Visit Nyiragongo is the only operator and logistics company currently organizing overwater transport from the Congo River into the Salonga Park via minor rivers.
The southern region inhabited by the Iyaelima people is accessible via the Lokoro River, which flows through the center and northern parts of the park, and the Lula River in the south.
History
The Salonga National Park was established as the Tshuapa National Park in 1956, and gained its present boundaries with a 1970 presidential decree by President Mobutu Sese Seko.
It was registered as a UNESCO World Heritage Site in 1984. Due to the civil war in the eastern half of the country, it was added to the List of World Heritage in Danger in 1999.
The park is co-managed by the Institut Congolais pour la Conservation de la Nature and the World Wide Fund for Nature since 2015.
Extensive consultation is ongoing, with the two main populations living within the park; the Iyaelima, the last remaining residents of the park and the Kitawalistes, a religious sect who installed them-self in the park just after its creation.

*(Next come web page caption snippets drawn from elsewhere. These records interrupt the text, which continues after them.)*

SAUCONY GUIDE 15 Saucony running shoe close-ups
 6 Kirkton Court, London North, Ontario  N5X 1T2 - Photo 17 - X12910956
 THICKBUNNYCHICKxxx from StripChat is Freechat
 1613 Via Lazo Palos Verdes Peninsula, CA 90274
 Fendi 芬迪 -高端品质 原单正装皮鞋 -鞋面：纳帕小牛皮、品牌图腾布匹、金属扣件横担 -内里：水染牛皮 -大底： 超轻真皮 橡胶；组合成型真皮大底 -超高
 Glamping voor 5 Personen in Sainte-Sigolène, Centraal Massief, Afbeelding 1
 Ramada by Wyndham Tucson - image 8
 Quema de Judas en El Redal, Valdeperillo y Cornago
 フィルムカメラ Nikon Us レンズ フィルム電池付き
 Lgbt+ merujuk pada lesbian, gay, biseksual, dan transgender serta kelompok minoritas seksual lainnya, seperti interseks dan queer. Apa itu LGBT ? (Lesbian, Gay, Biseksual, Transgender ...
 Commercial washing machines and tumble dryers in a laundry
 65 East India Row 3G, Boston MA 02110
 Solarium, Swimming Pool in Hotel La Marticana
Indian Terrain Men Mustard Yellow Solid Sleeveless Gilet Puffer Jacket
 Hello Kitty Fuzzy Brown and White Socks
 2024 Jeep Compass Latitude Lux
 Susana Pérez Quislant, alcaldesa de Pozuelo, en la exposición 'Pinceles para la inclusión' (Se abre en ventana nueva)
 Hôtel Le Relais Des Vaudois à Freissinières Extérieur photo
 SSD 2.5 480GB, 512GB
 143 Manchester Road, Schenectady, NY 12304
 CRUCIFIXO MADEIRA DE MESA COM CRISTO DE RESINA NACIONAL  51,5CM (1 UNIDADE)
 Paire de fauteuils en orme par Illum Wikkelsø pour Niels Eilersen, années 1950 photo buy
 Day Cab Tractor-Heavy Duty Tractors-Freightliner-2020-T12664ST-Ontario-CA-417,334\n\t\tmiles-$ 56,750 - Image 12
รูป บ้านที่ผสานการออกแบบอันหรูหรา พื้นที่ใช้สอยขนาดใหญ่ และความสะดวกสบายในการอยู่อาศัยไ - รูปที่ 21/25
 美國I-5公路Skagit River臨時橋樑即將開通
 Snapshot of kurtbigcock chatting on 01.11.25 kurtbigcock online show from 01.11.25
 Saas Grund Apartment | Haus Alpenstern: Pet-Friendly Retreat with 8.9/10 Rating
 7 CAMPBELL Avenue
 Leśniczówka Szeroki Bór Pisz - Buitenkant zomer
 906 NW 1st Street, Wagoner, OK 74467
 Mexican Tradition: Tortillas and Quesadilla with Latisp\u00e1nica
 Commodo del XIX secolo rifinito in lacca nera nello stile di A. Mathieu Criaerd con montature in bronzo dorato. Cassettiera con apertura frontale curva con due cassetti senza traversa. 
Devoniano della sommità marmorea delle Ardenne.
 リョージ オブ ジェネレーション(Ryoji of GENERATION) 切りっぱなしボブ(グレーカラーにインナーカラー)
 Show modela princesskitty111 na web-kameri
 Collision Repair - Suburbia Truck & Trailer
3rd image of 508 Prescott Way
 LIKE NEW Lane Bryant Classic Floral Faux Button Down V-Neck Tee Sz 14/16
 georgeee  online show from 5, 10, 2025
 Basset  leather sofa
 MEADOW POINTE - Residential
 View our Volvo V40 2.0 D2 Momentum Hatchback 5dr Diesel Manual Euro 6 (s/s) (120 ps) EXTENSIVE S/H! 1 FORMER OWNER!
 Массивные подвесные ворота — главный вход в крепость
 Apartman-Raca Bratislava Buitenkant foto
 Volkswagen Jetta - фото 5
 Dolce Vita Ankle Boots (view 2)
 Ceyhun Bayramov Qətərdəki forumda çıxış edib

An intense collaboration exists between the park guards and the Iyaelima, as Iyaelima villages are used as guard posts. It is known that bonobo densities are highest around Iyaelima village which shows that they cause no threat to the park’s emblematic species.
Animals With in the Park
Animals in the park include bonobos, Dryas monkeys, Thollon’s red colobus, Congo peacock, leopards, forest elephants, and African slender-snouted crocodiles.
Other animals present include the long-tailed pangolin, giant pangolin, tree pangolin, Angolan slender mongoose, aquatic genet, hippopotamus, the African golden cat, bushpig, bongo, yellow-backed duiker, sitatunga, okapi, bushbuck, water chevrotain and forest buffalo.
There are many birds present and some of the larger ones are the cattle egret, black stork and yellow-billed stork. Some of its species are endemic to the country, and many are of high conservation concern.
The southern region has been the location for studies of bonobos in the wild. There are much higher populations of bonobos near the Iyaelima settlements than elsewhere in the park, apparently because the Iyaelima do not harm them and are playing a strong role in their conservation.